Design patterns are general reusable solutions to common problems encountered in software design. Below are some common design patterns in JavaScript along with examples:
1. Singleton Pattern
Ensures that a class has only one instance and provides a global point of access to that instance.
const Singleton = (function () {
let instance;
function createInstance() {
return { key: 'value' };
}
return {
getInstance: function () {
if (!instance) {
instance = createInstance();
}
return instance;
}
};
})();
const instance1 = Singleton.getInstance();
const instance2 = Singleton.getInstance();
console.log(instance1 === instance2); // true
2. Factory Pattern
Defines an interface for creating an object but lets subclasses alter the type of objects that will be created.
function CarFactory() {}
CarFactory.prototype.createCar = function (type) {
let car;
if (type === 'SUV') {
car = new SUV();
} else if (type === 'Sedan') {
car = new Sedan();
}
return car;
};
function SUV() { /* ... */ }
function Sedan() { /* ... */ }
const factory = new CarFactory();
const suv = factory.createCar('SUV');
3. Module Pattern
Encapsulates private data by exposing only certain properties and methods.
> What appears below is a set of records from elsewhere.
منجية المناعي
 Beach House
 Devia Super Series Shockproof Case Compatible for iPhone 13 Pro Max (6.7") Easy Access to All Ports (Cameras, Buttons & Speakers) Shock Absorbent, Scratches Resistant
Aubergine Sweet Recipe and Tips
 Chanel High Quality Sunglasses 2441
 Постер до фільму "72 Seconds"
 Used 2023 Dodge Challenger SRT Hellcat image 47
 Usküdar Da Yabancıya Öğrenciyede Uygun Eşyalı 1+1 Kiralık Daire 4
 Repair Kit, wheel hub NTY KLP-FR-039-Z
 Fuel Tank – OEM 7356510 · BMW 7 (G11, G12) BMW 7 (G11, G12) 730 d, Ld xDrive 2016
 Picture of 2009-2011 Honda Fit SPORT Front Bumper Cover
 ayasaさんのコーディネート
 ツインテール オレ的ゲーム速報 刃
const MyModule = (function () {
let privateData = 42;
function privateFunction() {
return 'This is private!';
}
return {
publicMethod: function () {
return privateFunction() + ' But this is public!';
}
};
})();
console.log(MyModule.publicMethod()); // This is private! But this is public!
4. Observer Pattern
Defines a one-to-many dependency between objects so that when one object changes state, all its dependents are notified and updated automatically.
class Subject {
constructor() {
this.observers = [];
}
addObserver(observer) {
this.observers.push(observer);
}
removeObserver(observer) {
const index = this.observers.indexOf(observer);
if (index > -1) {
this.observers.splice(index, 1);
}
}
notify(data) {
this.observers.forEach(observer => observer.update(data));
}
}
class Observer {
update(data) {
console.log('Observer updated with data:', data);
}
}
const subject = new Subject();
const observer = new Observer();
subject.addObserver(observer);
subject.notify('Some data'); // Observer updated with data: Some data
5. Strategy Pattern
Defines a family of algorithms, encapsulates each one, and makes them interchangeable.
class StrategyA {
execute() {
return 'Strategy A';
}
}
class StrategyB {
execute() {
return 'Strategy B';
}
}
class Context {
constructor(strategy) {
this.strategy = strategy;
}
executeStrategy() {
return this.strategy.execute();
}
}
const strategyA = new StrategyA();
const contextA = new Context(strategyA);
console.log(contextA.executeStrategy()); // Strategy A
const strategyB = new StrategyB();
const contextB = new Context(strategyB);
console.log(contextB.executeStrategy()); // Strategy B
6. MVC Pattern
A pattern that separates an application into three interconnected components: Model, View, and Controller.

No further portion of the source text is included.